My father had asked his colleagues for an appropriate tuition class for me. I did not want to attend a big coaching class but wanted more personal attention. After asking his colleagues he found out an appropriate person.

The new tutor would be a man in his early 60’s / late 50’s.  A man with ample experience in teaching.  There would be two more students along with me – a boy and a girl. It was on the way from my office to home. My father had accompanied me on the first day. He took me there. Introduced me to the teacher. Met him. Spoke to him. Looked at the place.  Checked out the washroom. Met the other students.  Once he was satisfied that it was all good I started attending classes there.

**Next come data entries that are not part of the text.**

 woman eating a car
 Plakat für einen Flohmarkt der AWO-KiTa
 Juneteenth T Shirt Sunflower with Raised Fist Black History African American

Since the classes were in the evening after office hours, there were times when all three of us students would not be able to make it.  The other girl had gone on vacation. The other guy would be invariably late.  I would end up alone a lot of times. This tutor would give me a problem to solve.  While I would be working, he would move around the room. He would be singing some cheap song while checking me out.  He would then narrate the most inappropriate stories from his college days. Once he told me about some women who was very beautiful who fainted and how her skirt got lifted up. I don’t remember the rest of the story. It was too disgusting.

When the other girl came back, I told her how weird he was. She agreed. She told me some other incidents where his conduct with her was objectionable too. Our exams were coming up. It would be difficult to find another tutor who would complete the syllabus from where we left off, and be available at that precious one hour where we stopped by after our work, and be located on our way to our home. We both decided that he is an idiot but we cannot afford to leave the classes. And hence we continued. And so did his strange behavior.  I did not even know what to tell my parents so I just stayed silent.

One day, it was full house with all three of us students. The teacher asked me to solve a problem which I could not. He said it was an extremely simple problem.

“I do not know how you cleared the first level exams. If you do not even know this much! How will you pass the final exam, I wonder!!”

This was something he loved to say to us. Tell us how stupid we were and if we did not work hard we would fail. But this time something got to me.

It does not matter what you think. I have a passing certificate.” I replied. The other students looked up from their notebook. The teacher looked horrified.

“What do you mean?’

“I mean that your job is to help us clear the exams. Not to demotivate us. We do not need your certificate on our past achievement. We paid you to teach us for the next exam.”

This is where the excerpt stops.